Output the entries below word for word, stopping once the line containing "mu9 app đánh lô" is done, and omit each picture.

[TASK MATERIAL]

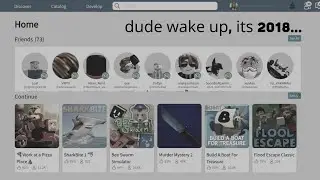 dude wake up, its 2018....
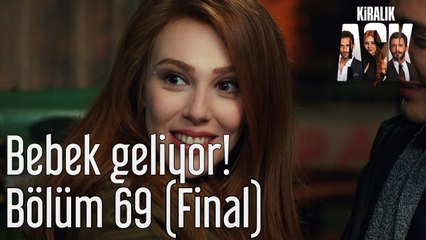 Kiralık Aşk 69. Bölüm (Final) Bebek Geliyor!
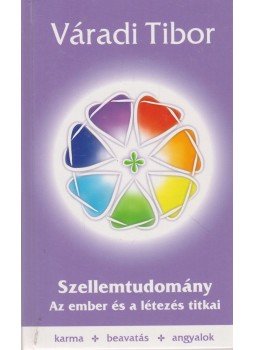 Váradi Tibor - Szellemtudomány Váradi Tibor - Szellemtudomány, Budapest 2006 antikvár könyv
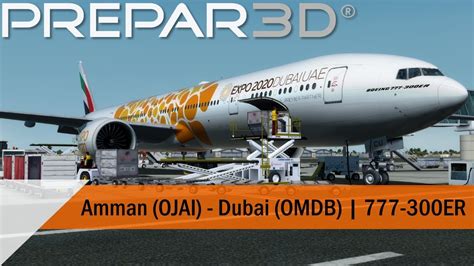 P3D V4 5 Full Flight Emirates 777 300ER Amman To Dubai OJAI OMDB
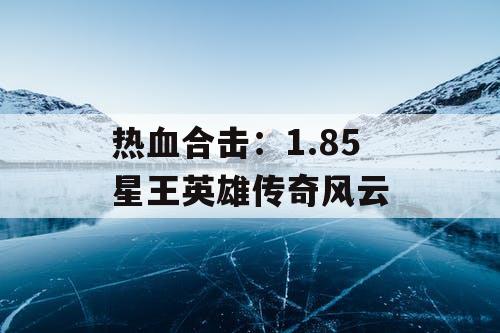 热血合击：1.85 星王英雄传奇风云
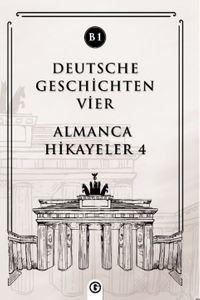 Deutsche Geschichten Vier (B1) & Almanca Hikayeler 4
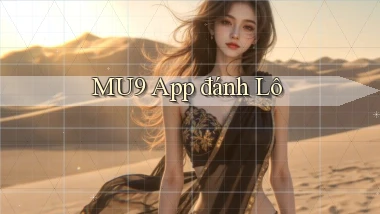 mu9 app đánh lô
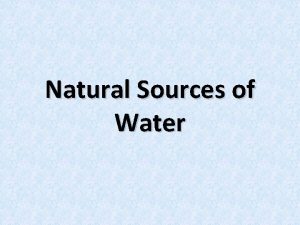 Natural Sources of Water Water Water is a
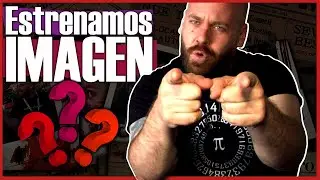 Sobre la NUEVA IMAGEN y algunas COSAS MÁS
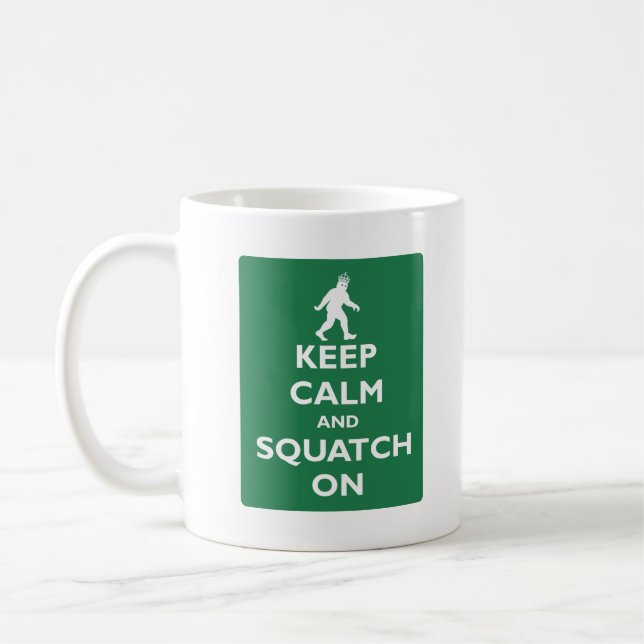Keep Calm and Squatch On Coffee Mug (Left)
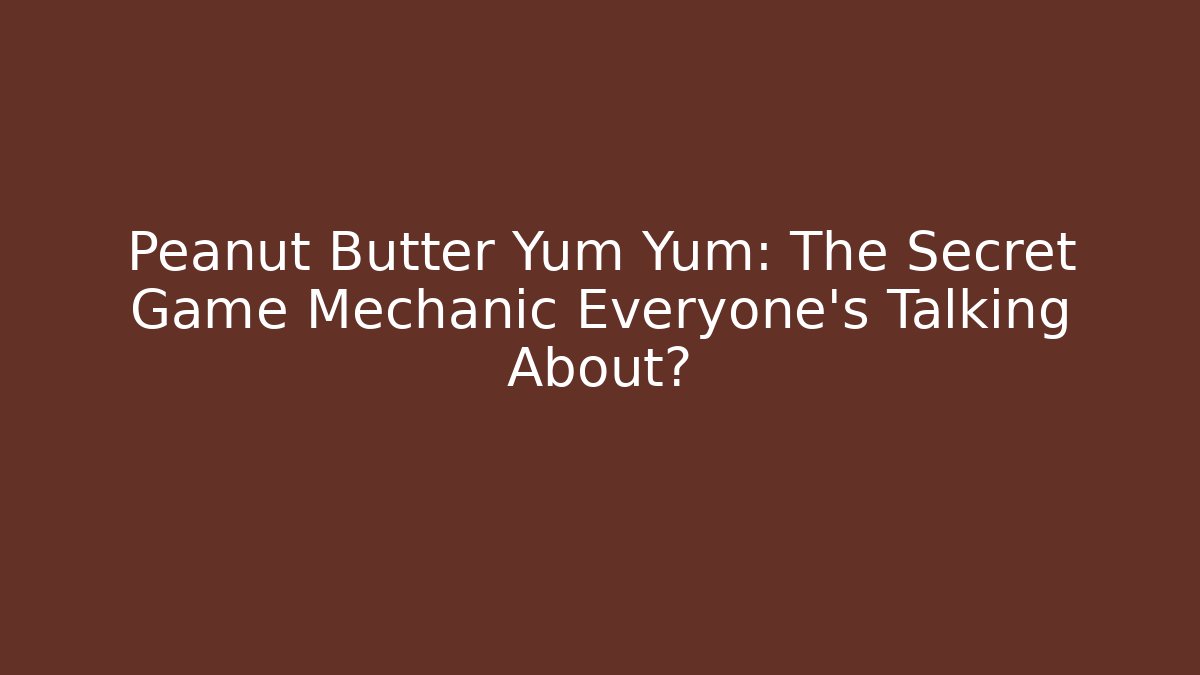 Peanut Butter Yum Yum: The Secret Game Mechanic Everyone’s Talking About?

[/TASK MATERIAL]

| EXERCISE OUTPUT |
 dude wake up, its 2018....
 Kiralık Aşk 69. Bölüm (Final) Bebek Geliyor!
 Váradi Tibor - Szellemtudomány Váradi Tibor - Szellemtudomány, Budapest 2006 antikvár könyv
 P3D V4 5 Full Flight Emirates 777 300ER Amman To Dubai OJAI OMDB
 热血合击：1.85 星王英雄传奇风云
 Deutsche Geschichten Vier (B1) & Almanca Hikayeler 4
 mu9 app đánh lô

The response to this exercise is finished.